Department of Trade and Industry (DTI) Secretary Fred Pascual welcomed the launch of the new UK Developing Countries Trading Scheme (DCTS) to replace its Generalised Scheme of Preferences (GSP). Secretary Pascual described the DCTS as having “more generous terms than the GSP.”
During the launch of this UK DCTS on 07 June 2023, Secretary Pascual stressed the Philippine government’s efforts in strengthening its trade and economic activities. Through the UK DCTS, the country looks forward on having access to duty-free, quota-free trade on 92 percent of our eligible goods—or 99 percent of our exports to the UK which estimates a tariff savings of 21 million euro.
In his speech, Secretary Pascual emphasized that “The Philippines and the UK have worked closely for several years so that our respective countries may enjoy and foster stronger economic ties. In 2019, under the European Union Generalised System of Preferences Plus (EU GSP+), the UK was the Philippines’ third destination market for exports. The Philippines’ exports to the UK also increased by 15 percent from 2020 to 2021. And in 2021, the UK was the Philippines’ 21st trading partner and fourth source of approved investments.”
The DCTS aims to improve access to the UK market for goods imported from eligible developing countries. It will also offer about 750-million-euro tariff reductions per year from its 65 country beneficiaries. Its three tiers include (1) comprehensive (LDC) preferences for all goods except arms and ammunitions; (2) enhanced preferences for wide number of product lines that are economically vulnerable; and, (3) standard preferences for certain product lines that are subject to goods graduation.
For the Philippines, the DCTS will lower or remove tariffs on more than 150 products including agricultural produce such as tomatoes, milk and cream, cheese, grains, tropical fruits, and animal and vegetable oils. Further, in demand electronic products and optical instruments will also benefit from preferential tariffs. Likewise, the goods that will benefit the most from the said scheme are those from the tuna and t-shirt sectors.
Aside from tariff reduction, the scheme also highlights the benefits of the provision for simpler rules and procedures, including the rules of origin. Through the simplified trade conditions and regional cumulation measures, Philippine exporters will benefit as they can source components, from other Southeast Asian countries while still claiming it as originating from the Philippines.
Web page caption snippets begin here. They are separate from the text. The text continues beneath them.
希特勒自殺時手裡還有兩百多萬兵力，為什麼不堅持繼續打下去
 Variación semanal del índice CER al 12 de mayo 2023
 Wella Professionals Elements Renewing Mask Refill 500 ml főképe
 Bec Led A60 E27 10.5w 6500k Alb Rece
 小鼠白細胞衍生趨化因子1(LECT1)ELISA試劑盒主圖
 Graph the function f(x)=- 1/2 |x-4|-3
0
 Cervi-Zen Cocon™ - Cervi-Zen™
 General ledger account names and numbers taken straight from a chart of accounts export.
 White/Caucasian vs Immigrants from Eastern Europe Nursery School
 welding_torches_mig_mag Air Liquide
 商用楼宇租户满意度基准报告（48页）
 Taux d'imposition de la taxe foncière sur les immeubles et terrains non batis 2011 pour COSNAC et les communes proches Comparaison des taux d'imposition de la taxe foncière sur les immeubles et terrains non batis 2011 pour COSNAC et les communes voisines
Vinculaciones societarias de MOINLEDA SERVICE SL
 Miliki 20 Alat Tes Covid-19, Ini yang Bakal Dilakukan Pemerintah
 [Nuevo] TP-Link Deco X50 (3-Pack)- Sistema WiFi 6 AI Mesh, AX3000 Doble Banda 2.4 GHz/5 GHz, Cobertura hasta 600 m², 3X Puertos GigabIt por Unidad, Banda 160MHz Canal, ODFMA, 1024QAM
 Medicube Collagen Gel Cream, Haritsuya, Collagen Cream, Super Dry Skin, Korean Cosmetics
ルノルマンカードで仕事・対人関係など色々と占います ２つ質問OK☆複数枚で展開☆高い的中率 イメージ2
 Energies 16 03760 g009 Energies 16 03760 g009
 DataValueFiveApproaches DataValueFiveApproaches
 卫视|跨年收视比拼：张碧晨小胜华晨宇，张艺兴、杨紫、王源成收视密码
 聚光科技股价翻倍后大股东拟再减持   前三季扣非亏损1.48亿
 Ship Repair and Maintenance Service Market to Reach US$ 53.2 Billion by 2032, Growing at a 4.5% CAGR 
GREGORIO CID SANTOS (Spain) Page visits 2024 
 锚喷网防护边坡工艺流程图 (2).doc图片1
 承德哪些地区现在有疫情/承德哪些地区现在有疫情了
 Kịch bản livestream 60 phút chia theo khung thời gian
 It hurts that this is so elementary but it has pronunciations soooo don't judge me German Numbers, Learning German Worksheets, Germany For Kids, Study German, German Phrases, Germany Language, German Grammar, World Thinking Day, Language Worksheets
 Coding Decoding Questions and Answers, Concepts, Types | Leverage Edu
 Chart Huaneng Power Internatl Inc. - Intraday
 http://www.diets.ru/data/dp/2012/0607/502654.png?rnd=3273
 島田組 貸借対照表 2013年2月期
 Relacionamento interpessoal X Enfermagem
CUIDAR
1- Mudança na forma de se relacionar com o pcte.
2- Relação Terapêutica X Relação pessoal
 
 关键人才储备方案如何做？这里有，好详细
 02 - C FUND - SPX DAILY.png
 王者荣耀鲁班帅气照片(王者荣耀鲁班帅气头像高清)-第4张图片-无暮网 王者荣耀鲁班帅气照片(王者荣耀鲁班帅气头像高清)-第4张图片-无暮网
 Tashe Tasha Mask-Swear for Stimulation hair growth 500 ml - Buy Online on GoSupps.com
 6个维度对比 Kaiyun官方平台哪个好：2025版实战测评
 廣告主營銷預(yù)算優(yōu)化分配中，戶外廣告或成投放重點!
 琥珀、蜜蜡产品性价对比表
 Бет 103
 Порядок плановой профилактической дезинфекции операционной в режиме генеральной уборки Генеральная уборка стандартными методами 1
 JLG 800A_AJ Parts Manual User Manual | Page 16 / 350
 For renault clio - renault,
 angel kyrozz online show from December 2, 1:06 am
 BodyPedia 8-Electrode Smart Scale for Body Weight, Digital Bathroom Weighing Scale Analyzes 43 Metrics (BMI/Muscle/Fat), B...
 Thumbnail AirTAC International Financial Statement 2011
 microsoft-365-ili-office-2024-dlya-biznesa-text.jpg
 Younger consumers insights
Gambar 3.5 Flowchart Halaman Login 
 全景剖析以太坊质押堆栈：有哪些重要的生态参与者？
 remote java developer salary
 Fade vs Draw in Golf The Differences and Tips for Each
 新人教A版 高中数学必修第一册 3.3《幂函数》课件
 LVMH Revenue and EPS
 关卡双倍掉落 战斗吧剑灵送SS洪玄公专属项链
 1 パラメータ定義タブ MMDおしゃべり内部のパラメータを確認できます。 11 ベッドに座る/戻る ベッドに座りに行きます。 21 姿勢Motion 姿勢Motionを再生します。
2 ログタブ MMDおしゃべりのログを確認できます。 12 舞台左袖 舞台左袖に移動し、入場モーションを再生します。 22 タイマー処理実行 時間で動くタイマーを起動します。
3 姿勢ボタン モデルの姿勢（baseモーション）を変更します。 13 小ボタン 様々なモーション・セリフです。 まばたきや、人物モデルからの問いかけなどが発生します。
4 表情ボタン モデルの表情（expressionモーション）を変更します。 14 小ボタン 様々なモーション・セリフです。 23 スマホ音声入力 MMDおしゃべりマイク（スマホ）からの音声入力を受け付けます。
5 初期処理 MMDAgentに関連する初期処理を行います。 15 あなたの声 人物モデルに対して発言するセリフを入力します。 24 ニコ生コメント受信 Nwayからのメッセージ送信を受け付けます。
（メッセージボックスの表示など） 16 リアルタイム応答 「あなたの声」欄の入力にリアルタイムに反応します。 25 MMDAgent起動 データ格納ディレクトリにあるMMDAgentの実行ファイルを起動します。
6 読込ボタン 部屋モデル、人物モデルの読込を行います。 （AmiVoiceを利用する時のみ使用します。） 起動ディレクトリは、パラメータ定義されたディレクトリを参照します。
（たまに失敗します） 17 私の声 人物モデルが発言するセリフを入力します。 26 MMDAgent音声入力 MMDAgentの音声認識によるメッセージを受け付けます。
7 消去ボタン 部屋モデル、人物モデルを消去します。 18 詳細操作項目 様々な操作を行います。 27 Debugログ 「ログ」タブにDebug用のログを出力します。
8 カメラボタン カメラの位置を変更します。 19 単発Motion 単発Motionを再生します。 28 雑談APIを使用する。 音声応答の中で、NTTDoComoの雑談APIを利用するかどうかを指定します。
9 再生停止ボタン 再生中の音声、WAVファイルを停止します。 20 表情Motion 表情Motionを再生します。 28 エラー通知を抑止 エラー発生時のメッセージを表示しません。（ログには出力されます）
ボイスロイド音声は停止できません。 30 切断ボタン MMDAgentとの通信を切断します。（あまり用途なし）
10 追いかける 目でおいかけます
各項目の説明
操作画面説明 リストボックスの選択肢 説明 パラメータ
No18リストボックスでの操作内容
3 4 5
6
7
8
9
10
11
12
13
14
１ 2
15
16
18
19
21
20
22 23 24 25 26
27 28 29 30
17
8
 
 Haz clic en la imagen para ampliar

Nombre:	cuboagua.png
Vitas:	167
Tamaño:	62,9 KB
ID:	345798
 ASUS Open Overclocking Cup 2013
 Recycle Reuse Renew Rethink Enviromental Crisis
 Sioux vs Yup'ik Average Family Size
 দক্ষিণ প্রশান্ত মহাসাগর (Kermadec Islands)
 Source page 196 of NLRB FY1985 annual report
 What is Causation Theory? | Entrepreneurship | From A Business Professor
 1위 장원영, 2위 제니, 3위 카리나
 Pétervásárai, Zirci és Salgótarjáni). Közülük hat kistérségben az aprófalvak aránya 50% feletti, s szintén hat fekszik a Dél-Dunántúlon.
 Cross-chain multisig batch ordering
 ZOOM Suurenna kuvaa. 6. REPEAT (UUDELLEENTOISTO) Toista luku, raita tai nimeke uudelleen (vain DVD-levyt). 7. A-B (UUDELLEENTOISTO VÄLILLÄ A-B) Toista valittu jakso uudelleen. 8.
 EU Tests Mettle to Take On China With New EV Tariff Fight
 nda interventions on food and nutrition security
Further, to promote trade and investment opportunities, the current administration will be keen on implementing the Philippine Development Plan 2023-2028 (PDP), which will utilize trade and investments as drivers of job creation and poverty reduction.
In support of PDP, DTI also formulated the Philippine Export Development Plan 2023-2028 (PEDP), which the President already approved yesterday. This aims to capitalize on export opportunities to integrate our products in the global value chain in order to realize our vision of making the Philippines an agile export powerhouse.
Hence, the Department will undertake an industry-centric and firm-centric approach in capacitating our export ecosystem. Specifically, the DTI will prioritize three industrial clusters for our investment-driven approach. These clusters include the (1)Industrial Machinery and Transport (IMT); (2) Technology Media and Telecommunications (TMT); and, (3) Health and Life Sciences (HLS).
In his closing remarks, Secretary Pascual stressed that “A continued partnership with the UK Government will sustain our efforts to enhance trade and investment with the UK. We at the DTI are grateful to the British Embassy in Manila, and the UK Department for Business and Trade, for the Philippines-UK Economic Dialogue since 2019. And I look forward to our Fourth Dialogue this year. There, we can continue our discussions on enhancing our economic ties so our economies can grow and expand.”